Wirtschaftsminister nennt Stahl-Tarif als Vorbild - und sagt Vollbeschäftigung voraus

Berlin. Wirtschaftsminister Rainer Brüderle hat deutlich höhere Löhne in Deutschland angeregt. "Wenn die Wirtschaft boomt, sind auch kräftige Lohnerhöhungen möglich", sagte der FDP-Politiker dem Abendblatt.

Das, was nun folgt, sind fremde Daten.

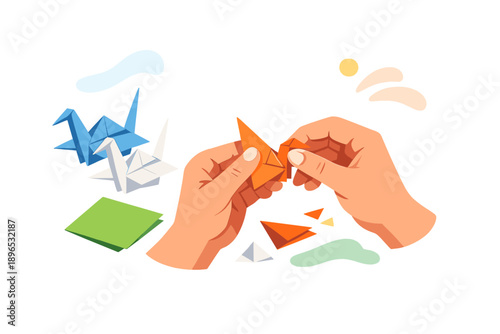 Hands working on orange origami craft with folded paper shapes in background and bright colors present in the workspace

Brüderle machte zwar deutlich, dass allein die Tarifpartner über die Höhe der Löhne entschieden und die Politik sich nicht einmischen solle, nannte aber die Stahlindustrie als Vorbild. Dort mündeten die Tarifverhandlungen in der vergangenen Woche in einen vergleichsweise hohen Abschluss. Die 85 000 Beschäftigten in Nordrhein-Westfalen, Niedersachsen und Bremen bekommen von Oktober an 3,6 Prozent mehr Gehalt. Brüderle sagte: "Der Abschluss in der Stahlbranche hat gezeigt, dass ein fairer Ausgleich möglich ist, an dem sich vielleicht andere Branchen orientieren könnten."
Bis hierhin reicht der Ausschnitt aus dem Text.